Overview

This notebook will demonstrate two ways of dealing with larger volumes of data:

A functional definition of “large data” might include:

Saving Cal-Adapt Data to SQLite Database

To manage large downloads and avoid downloading data twice, caladaptR provides ca_getvals_db(). ca_getvals_db() is very similar to ca_getvals_tbl(), but saves the data into a SQLite database file on your computer as it comes in. Before making an API request, it checks to see if the data have already been downloaded, and if so skips it. If you get disconnected during a download, you can run the command again and it’ll just pick up where it left off. ca_getvals_db() returns a ‘remote tibble’, which functions very similar to a regular ‘in-memory’ tibble however it points to the SQLite database file on disk.

For additional info on working with SQLite databases, see the Article on making Large Queries.

Example: Download Daily Data for Congressional Disticts

In this example we’ll download daily temperature data for 16 Congressional Districts in the LA region.


Setup

Load caladaptR and the other package we’re going to need. (If you haven’t installed these yet, see this setup script).

library(caladaptr)
Registered S3 methods overwritten by 'dbplyr':
  method         from
  print.tbl_lazy     
  print.tbl_sql      
Registered S3 methods overwritten by 'htmltools':
  method               from         
  print.html           tools:rstudio
  print.shiny.tag      tools:rstudio
  print.shiny.tag.list tools:rstudio
Registered S3 method overwritten by 'htmlwidgets':
  method           from         
  print.htmlwidget tools:rstudio
caladaptr (version 0.6.1)
URL: https://ucanr-igis.github.io/caladaptr
Bug reports: https://github.com/ucanr-igis/caladaptr/issues
library(units)
udunits database from C:/Users/Andy/Documents/R/win-library/4.1/units/share/udunits/udunits2.xml
library(ggplot2)
library(dplyr)

Attaching package: ‘dplyr’

The following objects are masked from ‘package:stats’:

    filter, lag

The following objects are masked from ‘package:base’:

    intersect, setdiff, setequal, union
library(lubridate)

Attaching package: ‘lubridate’

The following objects are masked from ‘package:base’:

    date, intersect, setdiff, union
library(sf)
Linking to GEOS 3.9.0, GDAL 3.2.1, PROJ 7.2.1
library(tidyr)
library(tmap)
library(conflicted)
conflict_prefer("filter", "dplyr", quiet = TRUE)
conflict_prefer("count", "dplyr", quiet = TRUE)
conflict_prefer("select", "dplyr", quiet = TRUE)

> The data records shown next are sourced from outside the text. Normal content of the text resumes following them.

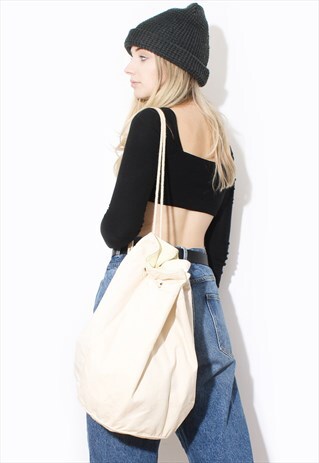VINTAGE 90'S CREAM DRAWSTRING RUCKSACK BAG BACKPACK Y2K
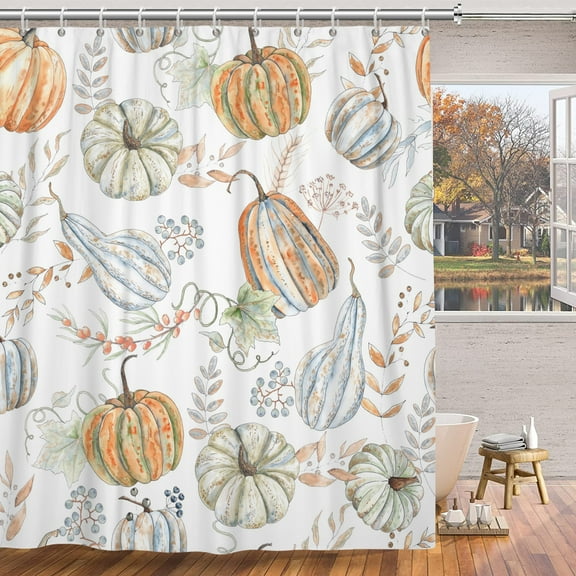 SUNOLIFE Fall Pumpkins Shower Curtain Autumn Waterproof Fabric Bathroom Curtain 72x72 in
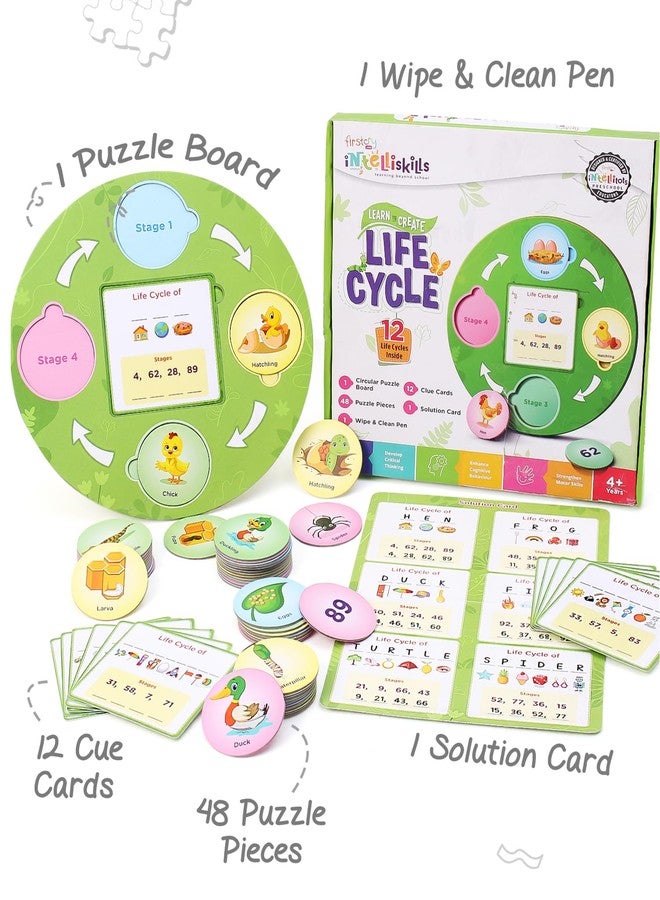 FIRSTCRY INTELLISKILLS Premium 63 Pcs Life Cycle Puzzle for Kids | Fun Way to Learn Life Cycle of 12 Birds, Insects & Animals | Preschool Educational Pick & Place Card Game for Boys & Girls | 3+ Years - Image 3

Import the Congressional Districts Boundaries

The LA Congressional district boundaries are saved in the ‘data’ folder as a geopackage:

cdist_la_fn <- "./data/cdistricts_la.gpkg"
file.exists(cdist_la_fn)
[1] TRUE
cdist_la_sf <- st_read(cdist_la_fn)
Reading layer `cdistricts_la' from data source 
  `D:\GitHub\cal-adapt\caladaptr-res\docs\workshops\ca_intro_oct21\notebooks\data\cdistricts_la.gpkg' 
  using driver `GPKG'
Simple feature collection with 15 features and 7 fields
Geometry type: MULTIPOLYGON
Dimension:     XY
Bounding box:  xmin: -118.9449 ymin: 33.70403 xmax: -117.3529 ymax: 34.8233
Geodetic CRS:  WGS 84
tmap_mode("view")
tmap mode set to interactive viewing
tm_shape(cdist_la_sf) + tm_borders()

Pro Tip:

  • to use a sf object the location for an API Request, it must be in geographic coordinates (EPSG 4326)


Create the API Request

Here we use ca_loc_sf() as the location function for an API request for 30-years of modeled daily temperature data (minimum and maximum) for 4 GCMs and 2 RCPs:

cdist_la_cap <- ca_loc_sf(loc = cdist_la_sf, idfld = "geoid") %>% 
  ca_gcm(gcms[1:4]) %>%                                 
  ca_scenario(c("rcp45", "rcp85")) %>%
  ca_period("day") %>%
  ca_years(start = 2070, end = 2099) %>%
  ca_cvar(c("tasmin", "tasmax")) %>% 
  ca_options(spatial_ag = "mean")

cdist_la_cap
Cal-Adapt API Request
Location(s): 
  Simple Feature MULTIPOLYGON (15 feature(s))
  ID field: geoid
Variable(s): tasmin, tasmax
Temporal aggregration period(s): day
GCM(s): HadGEM2-ES, CNRM-CM5, CanESM2, MIROC5
Scenario(s): rcp45, rcp85
Dates: 2070-01-01 to 2099-12-31
Options:
  spatial ag: mean
 


Do the standard plotting and preflight checks:

plot(cdist_la_cap, locagrid = TRUE)
cdist_la_cap %>% ca_preflight()
General issues
 - none found
Issues for querying values
 - none found
Issues for downloading rasters
 - none found


Fetch Data

To copy downloaded data into a database, use ca_getvals_db() instead of ca_getvals_tbl(). ca_getvals_db() has two arguments which are mandatory:

db_fn - the file name of a SQLite database (will be created if it doesn’t exist)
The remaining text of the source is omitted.